Porque nada representa mais “amizade comercial” do que afundar seu vizinho com impostos
O Instituto Mexicano de Executivos Financeiros (IMEF), aqueles adivinhos da economia que nunca falham (exceto quando falham), divulgou sua última previsão: se os Estados Unidos continuarem a brincar de “punição tarifária” com o México, a desaceleração econômica se tornará uma recessão digna de uma novela. E não, não é um episódio de “La Rosa de Guadalupe”, isso é real.
O gatilho? Tarifas, aquela estratégia brilhante que faz todo mundo perder, principalmente quando aplicada a produtos como o tomate. Porque, claro, que melhor maneira de demonstrar poder do que cobrar mais pelos ingredientes do guacamole?
De mal a pior: o IMEF ajusta seus números (para baixo, obviamente)
O instituto, num ato de otimismo inverso, reduziu sua projeção de crescimento do PIB para 2025 dos já patéticos 0,6% para desoladores 0,2%. Qual é, nem o aumento salarial de um burocrata é suficiente para compensar esse golpe.
Segundo Víctor Manuel Herrera, presidente da Comissão de Estudos Económicos do IMEF, a economia está em queda livre há meses desde o final de 2024, coincidindo com a reforma judicial e o eterno circo de mudanças de governo no México e nos EUA. Chance? Não, apenas o carma do mau planejamento.
E se isso não bastasse, a construção já está em modo de sobrevivência e empresas como Stellantis e Nissan estão anunciando paralisações temporárias. O próximo passo? Demissões. Porque, aparentemente, a estratégia é transformar os trabalhadores em especialistas em currículos.
Recessão? “É muito provável”, dizem quem sabe (ou deveria)

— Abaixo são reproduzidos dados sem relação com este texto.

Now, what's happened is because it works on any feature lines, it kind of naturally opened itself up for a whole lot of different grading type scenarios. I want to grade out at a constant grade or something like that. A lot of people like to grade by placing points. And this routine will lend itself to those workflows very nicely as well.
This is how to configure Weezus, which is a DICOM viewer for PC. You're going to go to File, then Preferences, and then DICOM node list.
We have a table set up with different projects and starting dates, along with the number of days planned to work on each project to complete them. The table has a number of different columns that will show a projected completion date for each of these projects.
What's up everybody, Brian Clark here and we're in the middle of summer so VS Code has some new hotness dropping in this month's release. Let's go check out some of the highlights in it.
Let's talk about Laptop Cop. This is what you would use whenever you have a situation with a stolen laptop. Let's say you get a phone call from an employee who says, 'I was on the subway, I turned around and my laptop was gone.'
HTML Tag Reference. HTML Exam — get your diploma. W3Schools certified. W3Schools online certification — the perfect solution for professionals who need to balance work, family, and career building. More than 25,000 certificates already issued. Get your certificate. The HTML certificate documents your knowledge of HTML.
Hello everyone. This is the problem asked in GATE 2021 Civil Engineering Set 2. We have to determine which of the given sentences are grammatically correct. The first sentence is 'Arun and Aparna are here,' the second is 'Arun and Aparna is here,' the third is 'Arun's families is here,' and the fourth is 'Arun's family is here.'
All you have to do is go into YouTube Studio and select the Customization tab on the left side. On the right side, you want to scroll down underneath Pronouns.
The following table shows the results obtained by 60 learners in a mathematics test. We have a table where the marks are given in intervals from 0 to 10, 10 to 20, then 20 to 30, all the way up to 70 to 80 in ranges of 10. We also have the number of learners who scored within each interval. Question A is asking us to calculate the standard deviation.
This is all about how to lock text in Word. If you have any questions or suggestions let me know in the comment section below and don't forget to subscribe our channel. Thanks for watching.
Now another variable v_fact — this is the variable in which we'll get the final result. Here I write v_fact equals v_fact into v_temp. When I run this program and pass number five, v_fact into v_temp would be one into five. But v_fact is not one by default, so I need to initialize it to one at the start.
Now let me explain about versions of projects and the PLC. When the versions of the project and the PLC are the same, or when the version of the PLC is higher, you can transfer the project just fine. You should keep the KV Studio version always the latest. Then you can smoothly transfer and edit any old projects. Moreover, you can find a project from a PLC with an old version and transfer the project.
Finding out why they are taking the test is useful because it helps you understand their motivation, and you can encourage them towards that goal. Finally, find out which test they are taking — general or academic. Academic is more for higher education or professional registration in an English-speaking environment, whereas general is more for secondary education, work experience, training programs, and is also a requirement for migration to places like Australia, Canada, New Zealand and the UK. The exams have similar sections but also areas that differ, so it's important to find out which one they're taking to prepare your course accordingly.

Gabriela Gutiérrez Mora, presidente do IMEF, deixou claro: a economia já cheira a recessão. Com os Estados Unidos vacilando e o México seguindo o exemplo, o cenário é tão animador quanto uma partida de futebol em que os dois times perdem.
Se as coisas continuarem assim, perderemos empregos e poder de compra. Mas não se preocupe, dizem os especialistas: se a recessão for “breve e não muito profunda”, a recuperação será rápida. Claro, como quando você cai da escada, mas “só” quebra o braço.
Solução? Resolver o conflito comercial com os EUA o mais rápido possível. Ou, se isso não acontecer, comece a cultivar tomates no jardim da Casa Branca.